Mr Moughadam, a registered dentist since 1994, is not fighting the decision but said it left him ‘disappointed for patients in pain’.

Patients who attended his practice for emergency care, he said, included a charge nurse, a mum-of-four and a heavily pregnant woman left in tears because of the pain she was experiencing.

‘Anyone who has had dental pain will know it’s the worst kind and so many people can’t get through to 111 at the moment because our NHS is so busy,' he said.

‘But, even though we are closed, the good news is we got 28 people out of pain and we now have thousands of pieces of protective equipment that will help the NHS.’

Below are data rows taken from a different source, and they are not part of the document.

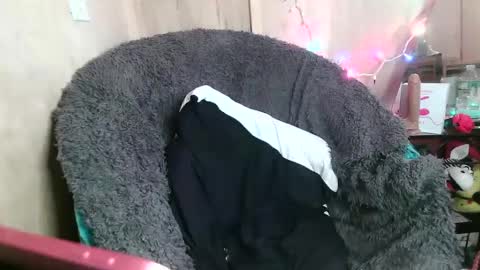 Kennedy Nova  online show from 26, 1, 2025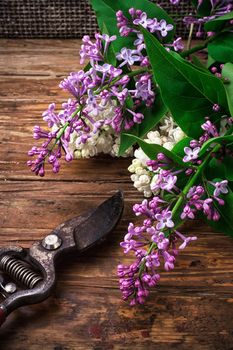 fragrant bush may lilac on background of scissors on wooden table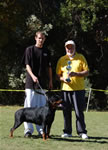 OPEN FEMALES: 0208 Ara Brcko Star V2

John Milne, the CQC’s senior national professional advisor for dentistry, said: ‘Dentists have been advised by the chief dental officer to only provide telephone advice and prescriptions where appropriate.

‘The smaller number of patients needing more active treatment should be referred to urgent treatment centres.

‘These measures support government advice for the public to stay at home to reduce infection risks.’

An NHS England and NHS Improvement South East spokeswoman added: ‘If a patient needs urgent dental care they should continue to call their dental practice as normal who are able to provide advice, analgesia and anti-microbials where appropriate.

‘National advice is that dental treatment should not be carried out unless absolutely necessary.

‘If needed dentists can refer patients to urgent care centres that are currently being established.’